Pour le reste, Dark Souls conserve les qualités de son prédécesseur. Des combats exigeants plein de tension, le principe du game over revisité (avec la dualité forme humaine/forme spectrale ici reprise mais avec une dimension nouvelle) des bossfights mémorables en veux-tu en-voilà, un univers étrange et marquant. L'esthétique, superbe, emprunte toujours à la dark fantasy mais va aussi lorgner du côté du baroque, de part l'exubérance de certains décors qui tranchent avec leur état de décrépitude et de déliquescence héritées de Demon's Soul. Le bestiaire plus organique et fouillé ne manque pas de renforcer cette sensation. Quant aux compositions hallucinées de Sakuraba, elles relèvent toujours de cette représentation très lovecraftienne de l'indicible et ne viendront que ponctuer certains segments.

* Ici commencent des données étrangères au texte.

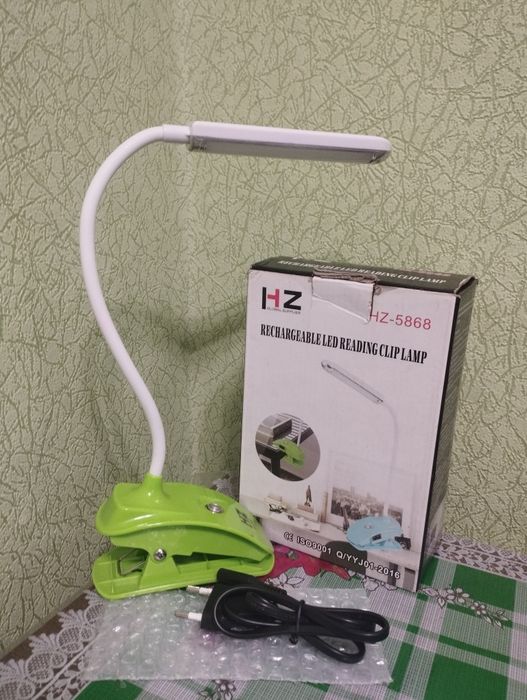 LED Лампа HZ-5868 в рабочем состоянии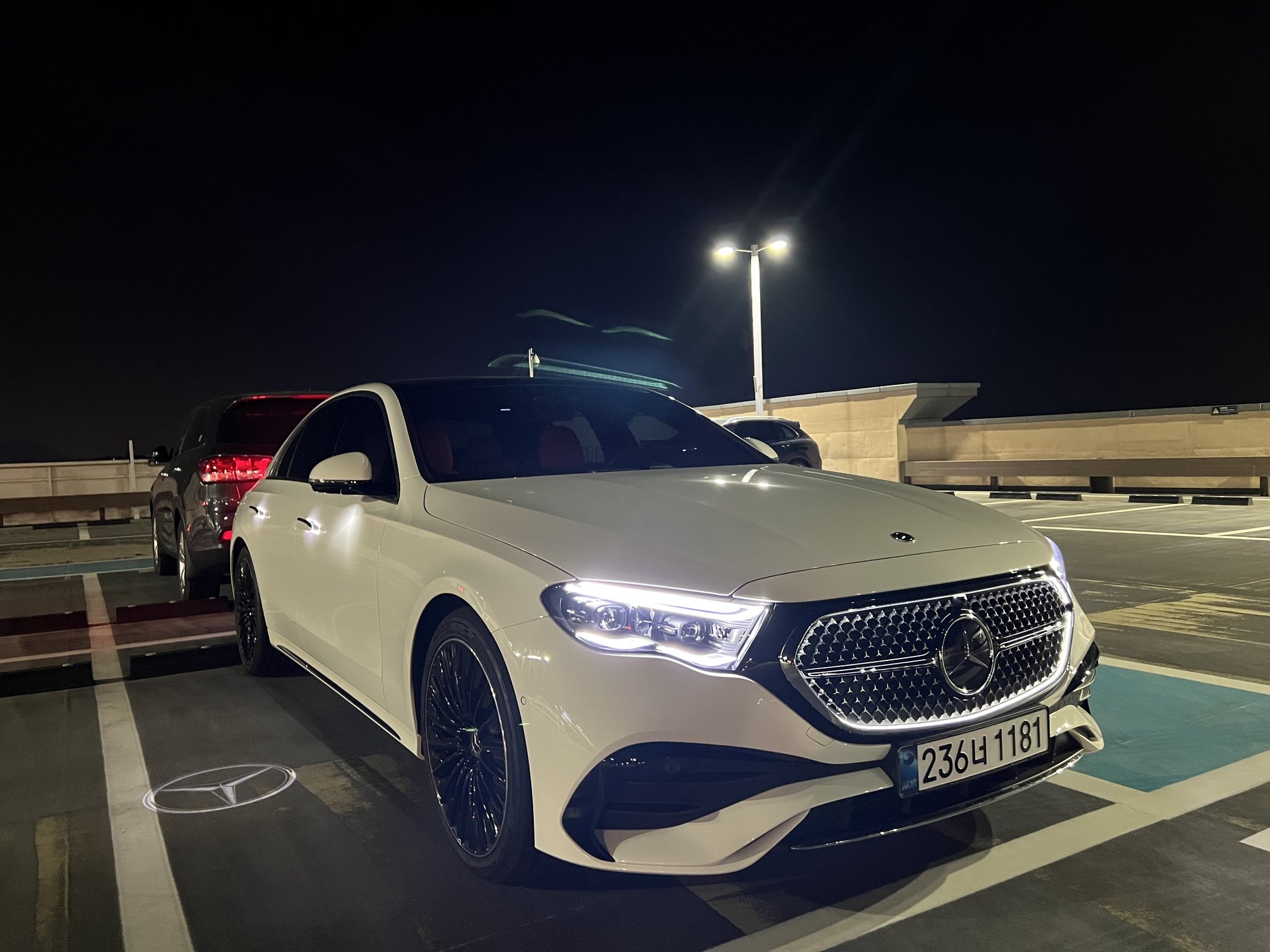 MERCEDES-BENZ E-CLASS - View 1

On pourra tout au plus reprocher que ce soin n'ait pas été apporté à toutes les zones, particulièrement certaines de la seconde moitié du jeu, moins inspirées. Mais le tout reste homogène et stupéfiant de richesse.
Et comme si, poussé par cette volonté de faire honneur à l'aîné en surprenant toujours, la partie en ligne a subit une révision totale. Si elle en conserve les bases qui étaient déjà très intéressantes, un système de faction très audacieux vient pimenter le tout. Inutile d'entrer dans les détails, les initiés savent de quoi je parle, mais des mécaniques aussi complexes et persistantes que celles que l'on peut trouver dans des MMORPG caractérisent l'expérience pourtant éminemment solitaire que constitue Dark Souls. C'est dire à quel point il émane du titre une plénitude conceptuelle qui relève du génie, même si la finition du tout laisse parfois à désirer.
En définitive, dans toute sa dimension sacrificielle, sa richesse vidéo-ludique et son refus du compromis, Dark Souls fait entièrement honneur à la réputation de sa lignée et se pose en jumeau maléfique de Demon's Soul. Un purgatoire vidéo-ludique qui, malgré tous les efforts expiatoires qu'il impose au joueur, ne suffit probablement pas à atténuer à lui seul l'état de mort clinique dans laquelle se situe la notion d'hostilité dans les jeux-vidéos, mais qui la ressuscite à merveille. Le temps d'une expérience de jeu aussi longue que mémorable, comme hors du temps et de tout univers terrestre.